Some day, I’m going to conquer one-handed close-up photography. This is a slightly blurry photo of how to slide a ring through drilled juice lids. I usually use split rings for this type of project—you know, the kind with two layers of metal they put on cheap key rings, that always end up breaking your fingernails. My boss hates these because she can’t get them started. I use the edge of the first juice lid as a wedge, driving it against the start of the ring and pushing it up. Then, I slide the rest of the lids right behind it, moving them as a group. If I’m making a book with paper pages, I sandwich the paper between the two pieces of metal, and move the whole thing as one piece.

There you have it: six juice lids joined together by a split ring, ready to be decorated.

Here’s a two lid book with paper pages.

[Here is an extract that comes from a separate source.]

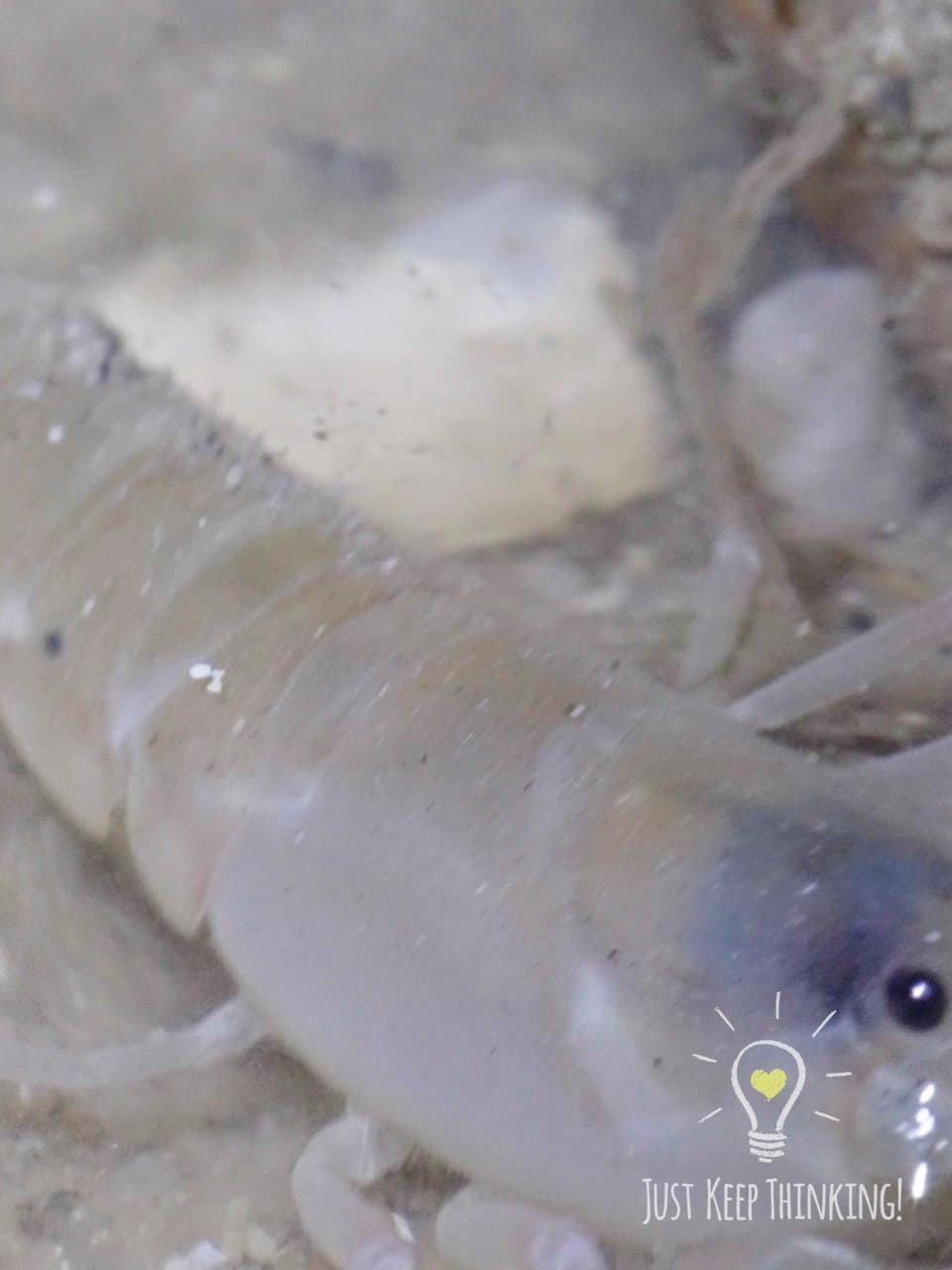 07_Snapping Shrimp_GradedJKT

A 2-1/2 inch paper punch works just fine for large lids. I joined this book with the ring that comes with these metal edge tags—I usually toss those rings, because I have so many of them. It’s nice to be able to use them for something.

Now for the fun part: decorating.

I tried using some alcohol inks on the juice lids, thinking that would be a fast-drying way to color them. Wrong. The ink beads off the front side of the lid—it’s got some kind of coating on it, I think. Same thing with my Colorbox Chalk inks—I got a little bit of color on there, but it was speckly and pale. Bleh. Don’t use inks.

On the plus side, just about every paint I threw on these looked good. The piece at right is made using gesso, glitter glue, and a transparency. It has kind of a funky shabby look to it, which I encouraged with my painting.

First, I coated the lid with gesso, using a bristle brush. Rather than stroking the gesso on, I poked at the lid with the brush—smoosh, smoosh, smoosh. I wasn’t too worried about covering up every bit of silver. It gave a nice texture to the lid.

While the lid was wet, I cut a 2-1/2 inch circle from a transparency sheet, and laid it right on the wet gesso. Then I went away and left it alone until it dried.

Once the gesso was dry, I applied some glitter glue randomly to the edges, to make the gesso look more like snow. I usually apply glitter glue just like paint—I squeeze it onto my palette (or in this case, my work table), and use a brush. Once again, I poked at the piece rather than stroking the glitter on. Randomness is good, right?

I also painted lids with both Adirondack Acrylics and Lumiere. Both gave excellent results. The Lumiere is a little denser, so the color was completely opaque. The Adirondack let a little of the metal shine through, especially when using lighter colors. The green book at the top of the page is done with Adirondacks (the acrylics, not the inks—remember, don’t ink!)

Added after the article was posted:

Some of you have written in asking why I didn’t just go buy a box of mason jar lids. I did. I didn’t like them—there’s a wicked coating on the inside of the lids, and a red ring I didn’t care for. However, if you must go buy a box and try them, they’re cheap and readily available in just about every grocery store. Knock yourself out!